═══ Data for review ═══

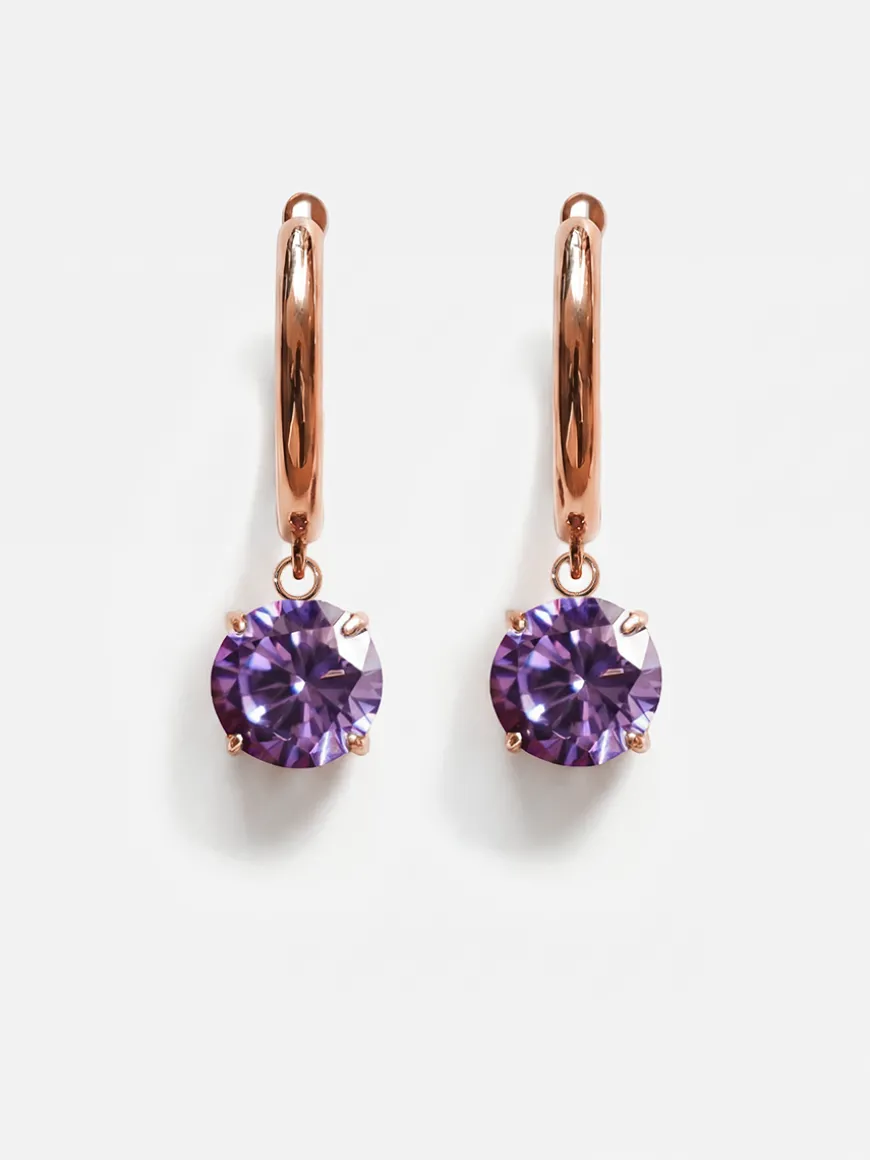Crystal Delight Purple Ohrringe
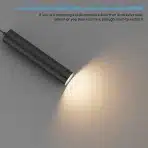 2x Klighten Viseča svetilka GU10 5 W 470 lm 3000 K črna - slika 2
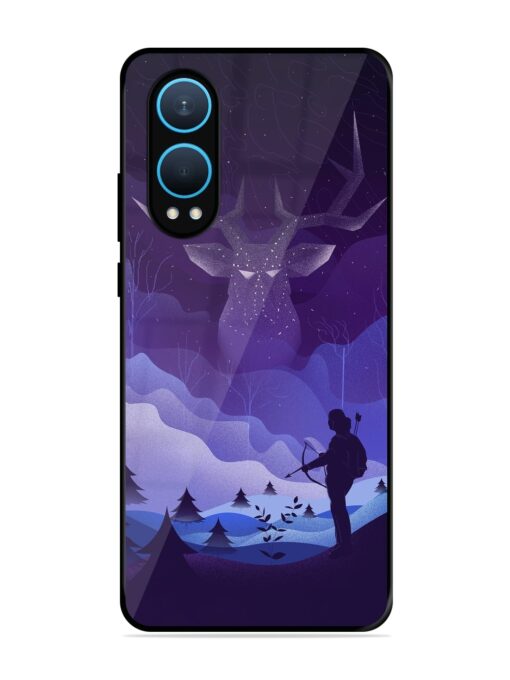 Deer Forest River Glossy Metal Phone Cover for Oneplus Nord Ce 4 Lite (5G)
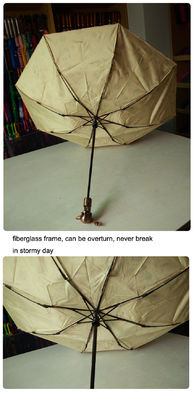 Erkekler İçin Parlak Kafatası Kolu Katlanabilir Rüzgar Geçirmez Şemsiye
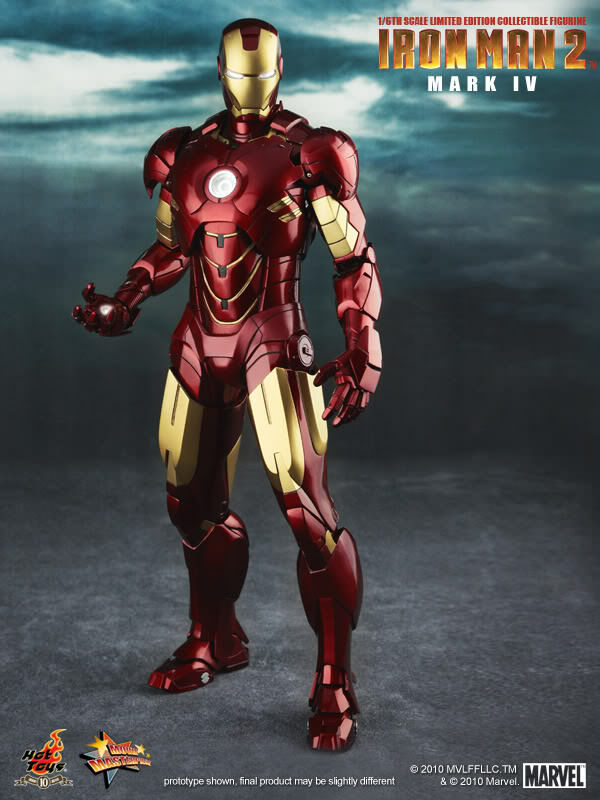HOT TOYS MMS 123 IRON MAN 2 – MARK IV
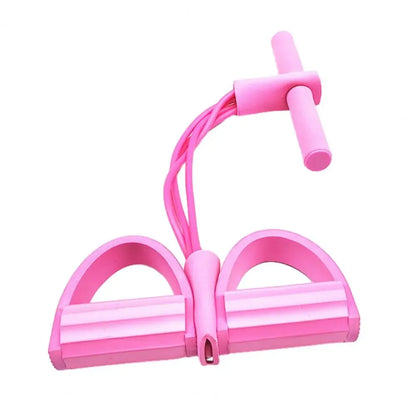 Tension Rope with Non-slip Handle Portable Slimming Waist Arm Training Yoga Pedal Puller Resistance Band Fitness Equipment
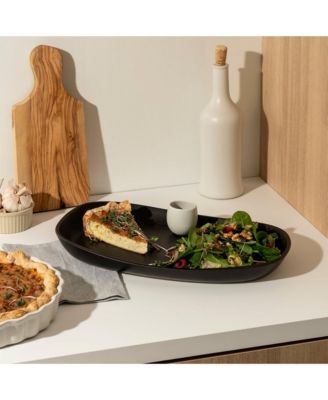  Serving Platter, Bowl & Olive Wood Servers, Set of 4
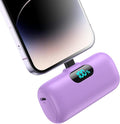 Mini Portable Charger for iPhone, Upgraded 5000mAh PD Fast Charging Battery Pack by HETP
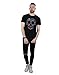 Disney Men's Coco Skull Pattern T-Shirt Medium Black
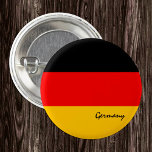 Deutschland-Taste, patriotische deutsche Flaggenmo Button<br><div class="desc">Buttons: Patriotisches Deutschland & Deutsche Flagge - Liebe meines Landes,  Reise,  Urlaub,  Nationalpatrioten / Sportfans</div>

═══

Return only the lines from the one that contains "Erkekler İçin Parlak" through the closing line of the data, inclusive, reproduced exactly and with every picture left out.

▶ **Reply to the exercise**
 Erkekler İçin Parlak Kafatası Kolu Katlanabilir Rüzgar Geçirmez Şemsiye
HOT TOYS MMS 123 IRON MAN 2 – MARK IV
 Tension Rope with Non-slip Handle Portable Slimming Waist Arm Training Yoga Pedal Puller Resistance Band Fitness Equipment
  Serving Platter, Bowl & Olive Wood Servers, Set of 4
 Mini Portable Charger for iPhone, Upgraded 5000mAh PD Fast Charging Battery Pack by HETP
 Disney Men's Coco Skull Pattern T-Shirt Medium Black
 Deutschland-Taste, patriotische deutsche Flaggenmo Button<br><div class="desc">Buttons: Patriotisches Deutschland & Deutsche Flagge - Liebe meines Landes,  Reise,  Urlaub,  Nationalpatrioten / Sportfans</div>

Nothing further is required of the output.